Il vino naturale non è un vino che puzza (che è un difetto come in ogni vino)
Il vino, come ogni cosa, può essere fatto bene e può essere fatto male. Uno dei temi su cui si barricano gli haters dei naturali è proprio l’analisi sensoriale di questi vini: “anche qui il mondo dei naturali è cambiato” spiega Buffolo “prima era più facile trovare vini con difetti veri e propri, camuffati poi dal marketing (che ha un peso in questo discorso) come caratteristiche del vigneto, territorio e annata”. La famosa volatile, per esempio, quel sentore selvaggio vicino agli odori animali che in alcuni casi è presente in bottiglia: “Sono dei difetti che si generano in fase di fermentazione e durante l’imbottigliamento e non devono essere scusati per forza” continua Matteo raccontando come questi si creano solitamente per cattiva igiene in cantina. “I vini naturali molto spesso sono torbidi e hanno dei residui sul fondo, che sono assolutamente commestibili. Il problema per noi è chi cerca di esasperare il racconto dei naturali, aumentando la confusione sul tema. Un vino deve essere buono anche all’assaggio”. Infatti se da un lato la romanticizzazione di questo movimento è stata la sua fortuna, dall’altro ha contribuito a creare questo senso di superiorità di molti produttori, che hanno fatto del bere vino una questione morale. Come leggiamo su bon Appétit, bere vino può anche rimanere un’attività fine a se stessa, che si fa solo per piacere, senza nessuna intenzione di ricevere uno storytelling massiccio e non richiesto.

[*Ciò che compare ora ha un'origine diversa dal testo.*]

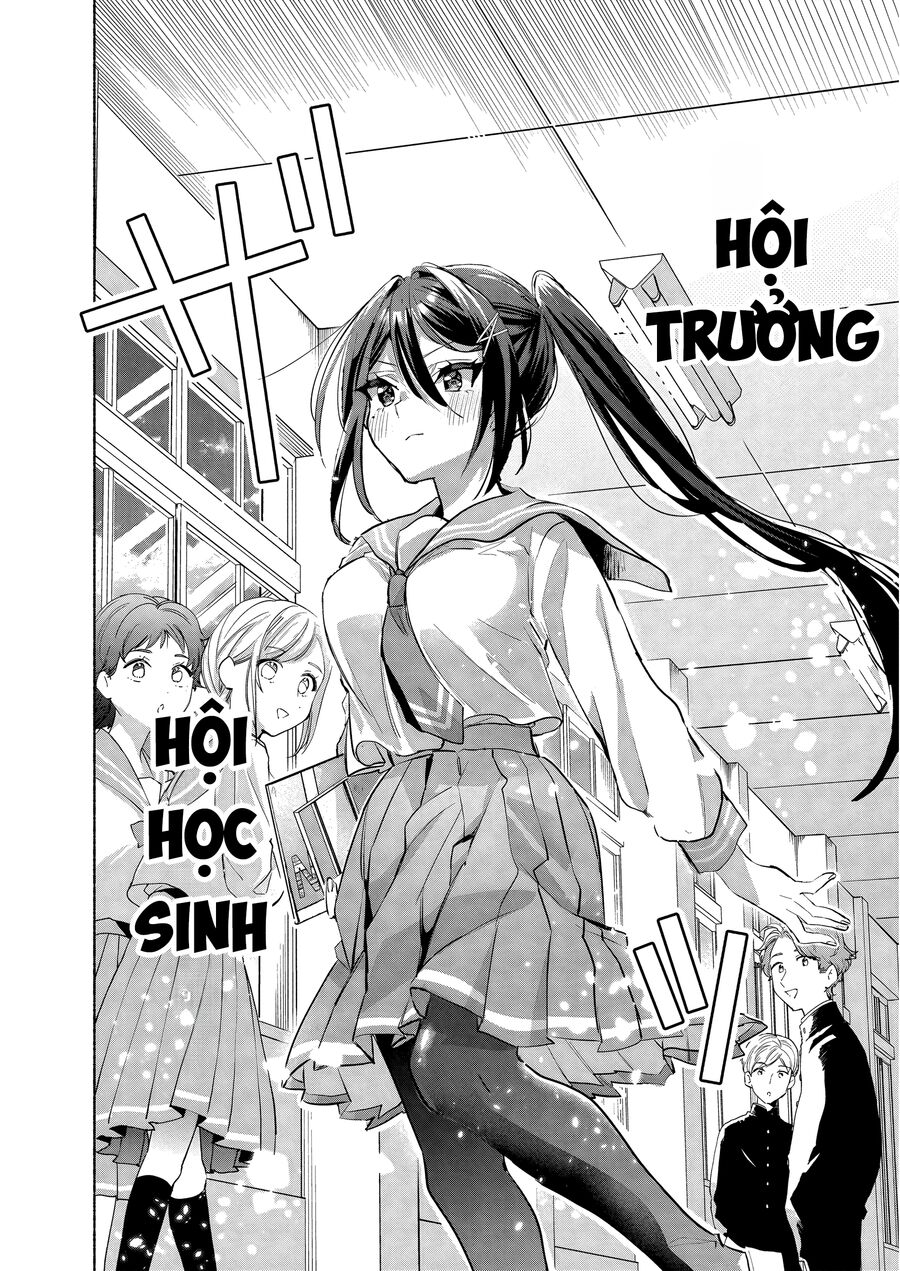 Tình Đầu, Lại Thêm Tình Đầu Chapter 6 - 4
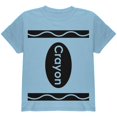 thumbnail image 1 of Halloween Crayon Costume Youth T Shirt, 1 of 1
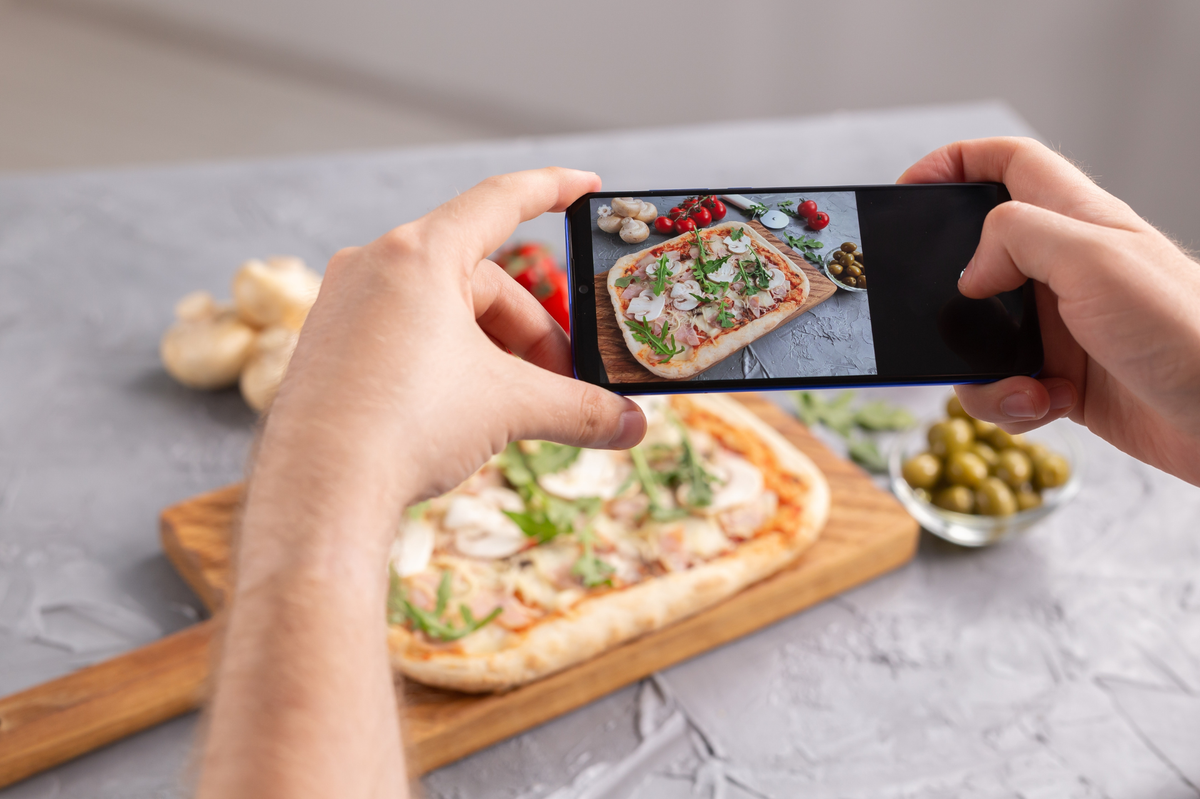 Cómo hacer que tu comida se vea irresistible en fotos (y se venda sola)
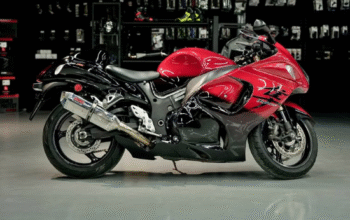 SUZUKI GSXR-1300 HAYABUSA 2016 FOR SALE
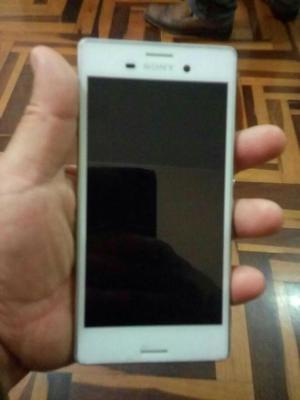 Vendo Cambio Sony Xperia M4 con Detalle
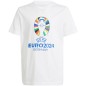 Adidas Official Emblem Jr IT9306 T-shirt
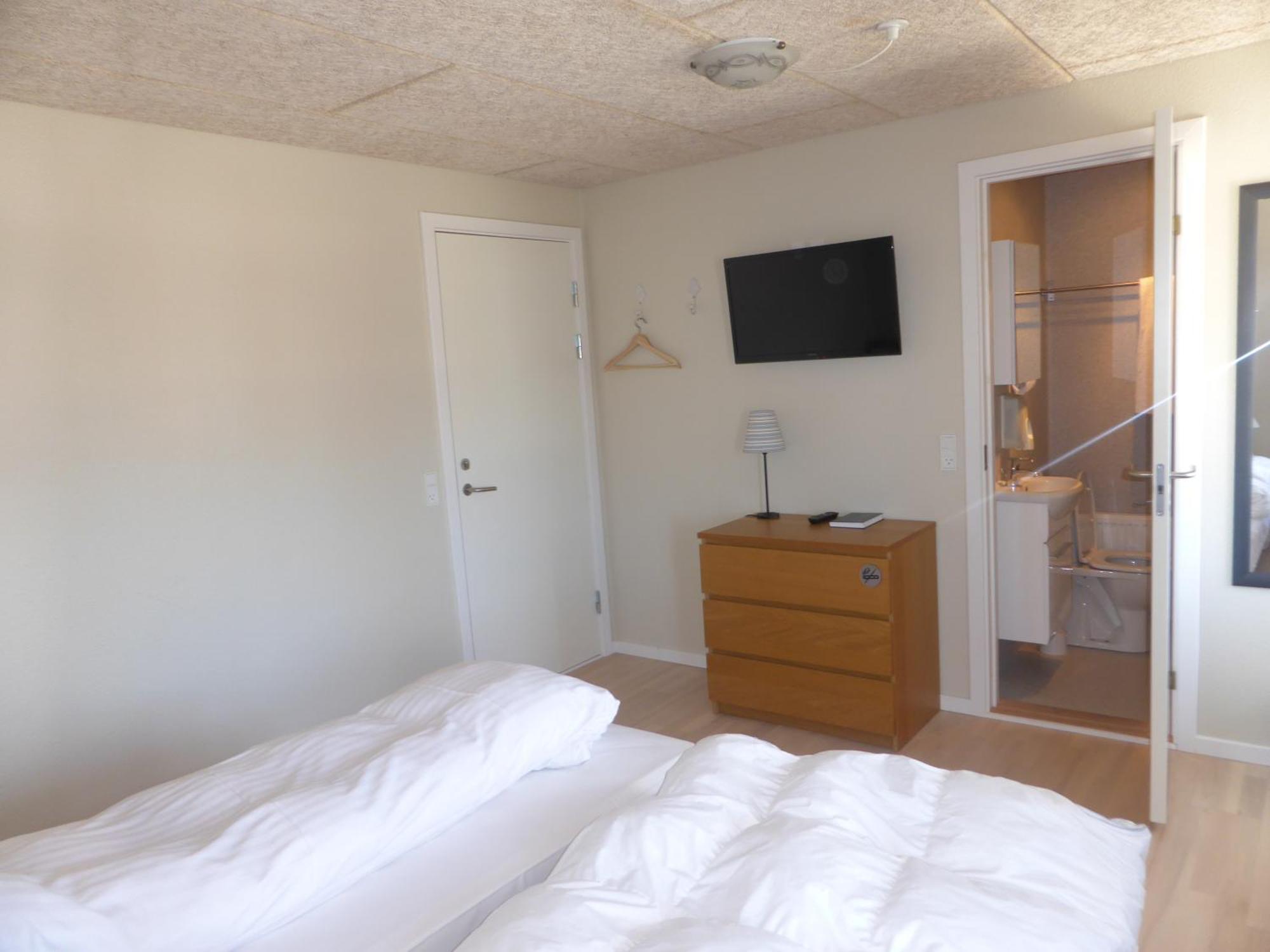 Harboore Hotel Rum bild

Il vino naturale non è solo marketing e comunicazione
Come abbiamo detto lo storytelling di questi vini ha influito sulla loro diffusione, soprattutto tra i cosiddetti millenials (nati tra gli anni ‘80 e ’95) che frequentano fiere sul tema e acquistano bottiglie diventate feticcio nel mondo. “Non penso che i vini convenzionali non sfruttino gli stessi principi di marketing per raccontarsi” spiega Matteo Buffolo “c’è il punto di vista del racconto che è diverso: nelle cantine convenzionali si parla di marchio/grande nome mentre nel mondo naturale si parla di uomo e natura”, riconoscendo allo stesso tempo una grande speculazione dietro al movimento naturale. “Molti ci chiedono di assaggiare vini funky, ma non vuol dire assolutamente niente questa parola, nata principalmente per far passare e raccontare vini difettosi” andando ad aumentare la confusione a riguardo. Il vino naturale non è sicuramente solo una bottiglia con un’etichetta colorata e fatta a mano, né d’altro canto un movimento che salva le sorti del mondo: tanto che il paradosso è che molto spesso la vera sostenibilità può essere fatto solo da chi ha ingenti somme e non il contrario. C’è bisogno di togliere al racconto invece che aggiungere, scalare i toni invece che iper narrare, in modo da far emergere a pieno questa importante filosofia produttiva e non ghettizzarla a (solo) un fenomeno social e un consumo che è simile a uno scontro di classi.